SC: What are you doing? I'm going to pay in cash.
Me: *shows her the gift card* Well then I'll need your Reward's card.
SC: *stares at gift card, looks into wallet, finds rewards card* Oh, why did you have that then?! *shoves rewards at me*
Me:

Confusing...
Out-of-it Man: Here, I want to use this for my gas on pump two. *hands me competitor rewards card that is blue (ours is red).
Me: I'll need a [store] rewards card then. *tries to hand it back to him.*
OM: This isn't a [thanksgiving dinner on a knoll]?
Me: No. This is [store].
OM: You're sure.
Me: *looks down at my shirt that has the name, the tv behind me which has the name, takes my hat off and looks at it which has the name* Yes sir, pretty darn sure. Would you like a [store] rewards card instead?

Pet Peeves
My CW has a tendency to get mad at certain pet peeves and oftentimes if she confronts a customer the customer will never do the pet peeve ever again and surprisingly enough it almost never results in a complaint or argument (but admittedly it sometimes can.)
These pet peeves include:
Scanning your own rewards card. Not only has corporate forbade us from allowing customers to do this they have given us no power in which to enforce this. This is annoying because customers will sneakily do it and have to practically dive over the wide counter in order to do it. I've actually had a guy accidental boob graze me by doing this and I'll tell you what--he never did it again. I think it was the look of abject horror on my face and me holding my offended boob. We've taken to lifting up the scanners ever-so-slightly with a folded paper so they will not scan without the trigger being pulled so when they try to scan their card it does nothing. Then when we come back from getting their cigarettes we will then scan the card ourselves.

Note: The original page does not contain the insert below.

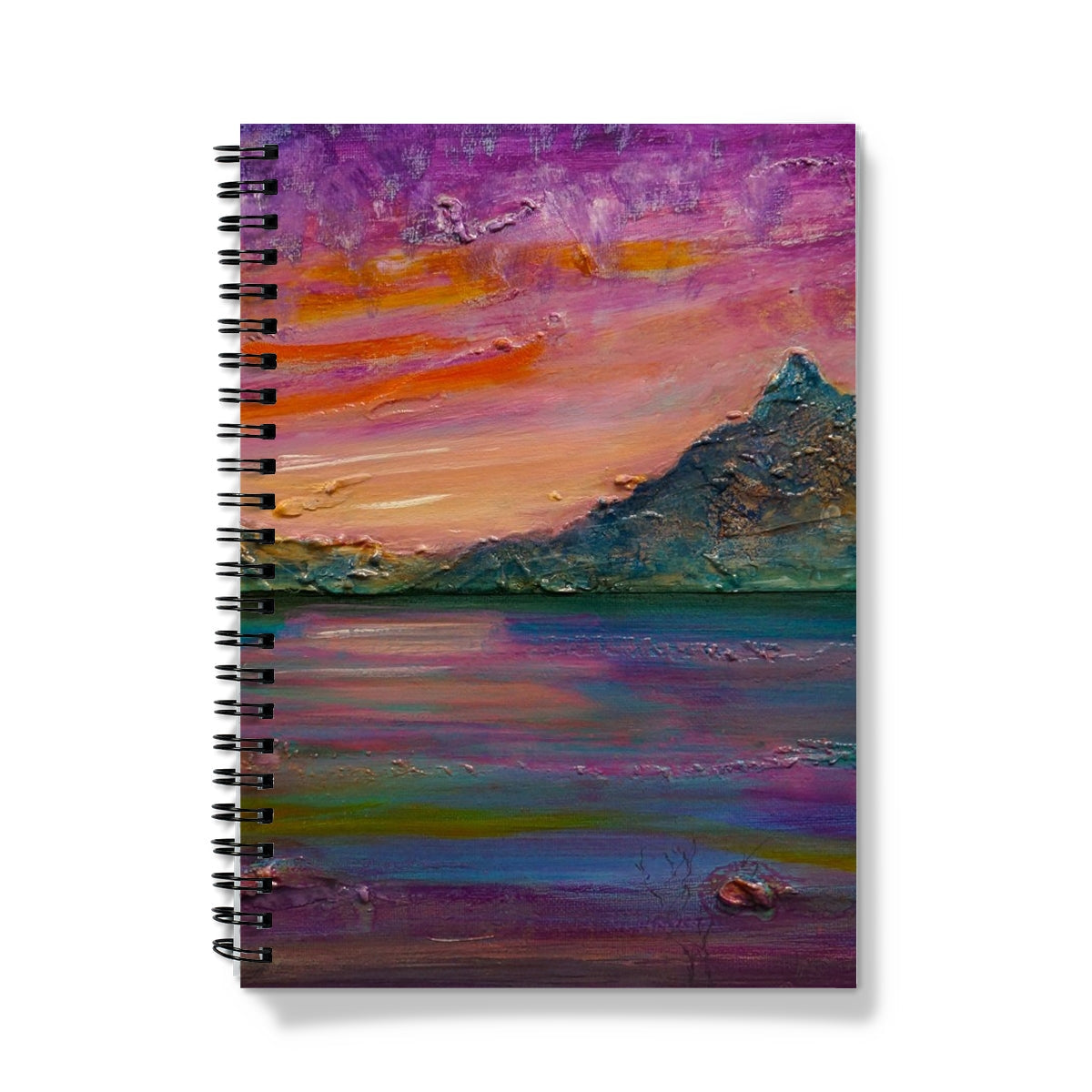 Loch Leven Sunset spiral notebook with vibrant purple orange blue landscape cover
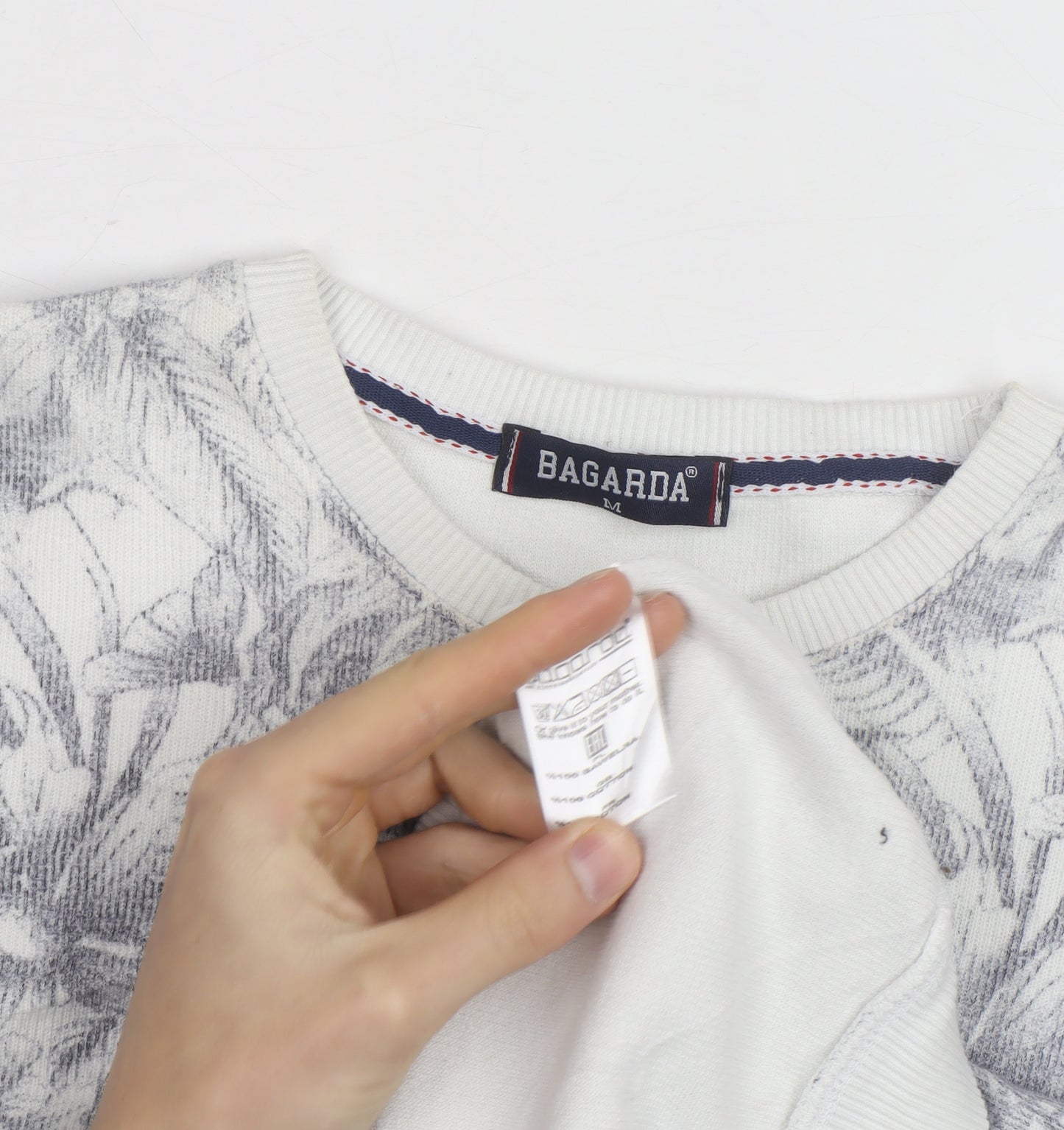 Bagarda Men's Grey Floral Crew Neck Sweatshirt Size M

Throwing your money on the counter. My favorite thing she does is when she tells customers it's unlucky for them to throw their money on the counter instead of putting it in her outstretched hand. She tells them that they might want to pick it up off the counter and put it in her palm or they might get into some horrific car accident on the way out of the parking lot. (Said in the most concerned and polite of voices.) Nearly 90% of them actually pick up the money and give it to her.